Sure, Javier Bardem was not at the Academy Awards to see girl Penelope Cruz become the first lady Spaniard to win an Oscar. But what business is it of yours, friendo? Sometimes couples support each other in other ways; Like having a hot menage with a busty, diminutive American or flipping a coin to decide if you'll go to the Oscars or shoot her in the head with an air-compressed piston. We Americans can't be expected to understand what goes through the minds of good-looking Spanish people. They eat dinner at 10 PM and sometimes take naps in the afternoon for chrissakes.
But according to LimeLife, it was a case of the old, creaky back that kept Javier Bardem from watching Penelope Cruz's triumph at the Oscars for her role in Vicky Christina Barcelona. The smolderingly handsome (so we hear) actor injured himself while shooting a scene for his forthcoming film Biutiful [sic]. Evidently, things like "a herniated discs," "medication" and "doctors' orders" trump supportiveness, sometimes. Were this a Gabriel Garcia Marquez novel, he would have made it, possibly with a wild beard, a magical shirt and being carried by the entire town of Macondo. But alas, magical realism wasn't the order of the day.
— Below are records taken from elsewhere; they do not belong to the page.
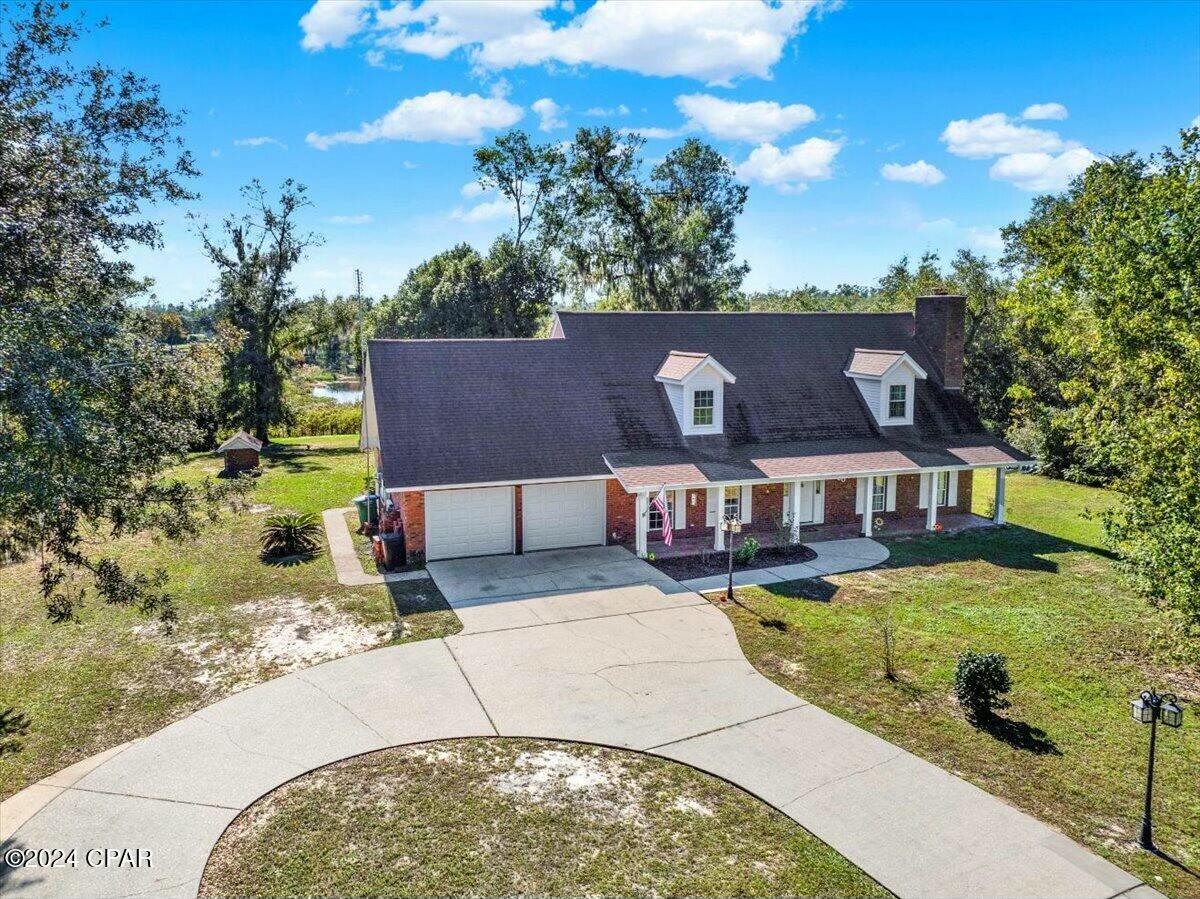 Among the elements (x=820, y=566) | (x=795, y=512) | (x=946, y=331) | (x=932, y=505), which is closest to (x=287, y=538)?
(x=795, y=512)

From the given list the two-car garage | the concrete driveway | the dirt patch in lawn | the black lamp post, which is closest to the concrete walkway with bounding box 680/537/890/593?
the dirt patch in lawn

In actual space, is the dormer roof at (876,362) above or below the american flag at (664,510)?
above

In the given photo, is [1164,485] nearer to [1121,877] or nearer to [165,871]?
[1121,877]

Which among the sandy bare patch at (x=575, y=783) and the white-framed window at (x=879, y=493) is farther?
the white-framed window at (x=879, y=493)

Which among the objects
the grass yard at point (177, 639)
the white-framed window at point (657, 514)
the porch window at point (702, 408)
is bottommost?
the grass yard at point (177, 639)

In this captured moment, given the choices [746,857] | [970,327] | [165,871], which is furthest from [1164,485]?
[970,327]

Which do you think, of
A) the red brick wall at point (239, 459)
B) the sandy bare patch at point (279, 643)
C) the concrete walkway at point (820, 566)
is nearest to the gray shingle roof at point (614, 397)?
the concrete walkway at point (820, 566)

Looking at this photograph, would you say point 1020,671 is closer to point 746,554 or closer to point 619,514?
point 746,554

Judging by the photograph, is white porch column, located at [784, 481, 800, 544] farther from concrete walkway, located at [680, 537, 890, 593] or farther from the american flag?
the american flag

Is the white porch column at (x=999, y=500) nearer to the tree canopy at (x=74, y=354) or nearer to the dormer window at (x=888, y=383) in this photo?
the dormer window at (x=888, y=383) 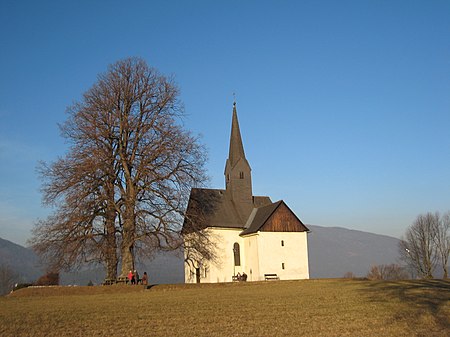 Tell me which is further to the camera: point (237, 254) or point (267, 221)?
point (237, 254)

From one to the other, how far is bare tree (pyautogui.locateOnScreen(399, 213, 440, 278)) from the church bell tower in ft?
97.0

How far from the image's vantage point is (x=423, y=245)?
75.0m

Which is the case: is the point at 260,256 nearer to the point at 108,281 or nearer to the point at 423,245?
the point at 108,281

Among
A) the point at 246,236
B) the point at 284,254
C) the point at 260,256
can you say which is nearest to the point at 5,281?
the point at 246,236

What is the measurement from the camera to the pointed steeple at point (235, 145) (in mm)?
56750

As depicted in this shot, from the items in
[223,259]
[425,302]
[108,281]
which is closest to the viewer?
[425,302]

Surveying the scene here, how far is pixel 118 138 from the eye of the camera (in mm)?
39281

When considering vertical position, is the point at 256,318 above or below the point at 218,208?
below

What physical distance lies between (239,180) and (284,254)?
984cm

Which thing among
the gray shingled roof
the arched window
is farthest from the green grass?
the arched window

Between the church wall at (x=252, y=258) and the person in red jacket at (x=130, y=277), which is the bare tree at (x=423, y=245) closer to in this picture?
the church wall at (x=252, y=258)

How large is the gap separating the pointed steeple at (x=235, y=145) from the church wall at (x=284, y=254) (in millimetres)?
9773

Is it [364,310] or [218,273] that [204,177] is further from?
[364,310]

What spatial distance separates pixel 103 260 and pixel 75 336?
956 inches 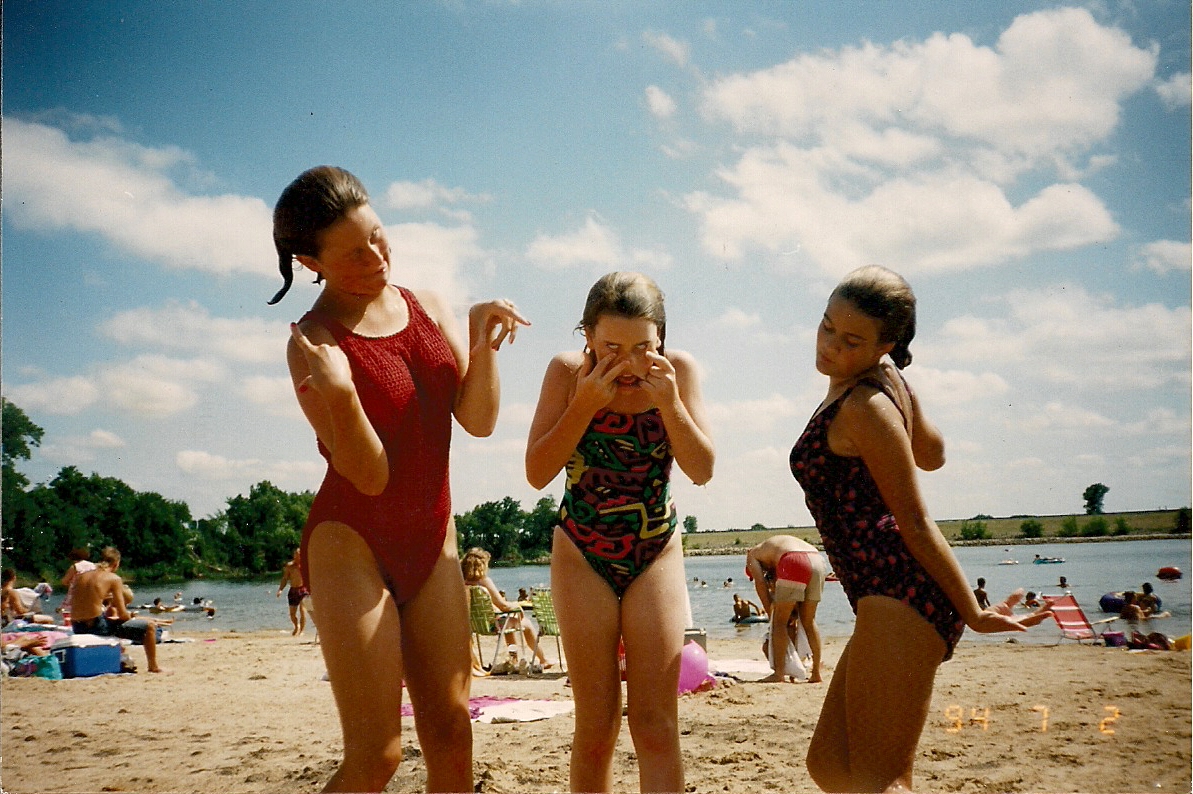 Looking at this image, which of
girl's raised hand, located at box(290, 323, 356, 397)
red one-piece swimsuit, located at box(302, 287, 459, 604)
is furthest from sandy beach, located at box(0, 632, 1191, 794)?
girl's raised hand, located at box(290, 323, 356, 397)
Granted, a herniated disc is a major injury and if Javier Bardem is 10% as cool as he seems, he would have been there if humanly possible. But a less cool dude, perhaps someone prone to sour his grapes, it would look a little selfish-ish for him to skip an awards show just because his girlf (su novia) was the favorite to win for a movie he was in (Vicky Christina Barcelona) but not nominated for. A little like when old Brian Austin Green bailed on the Golden Globes. Just sayin'.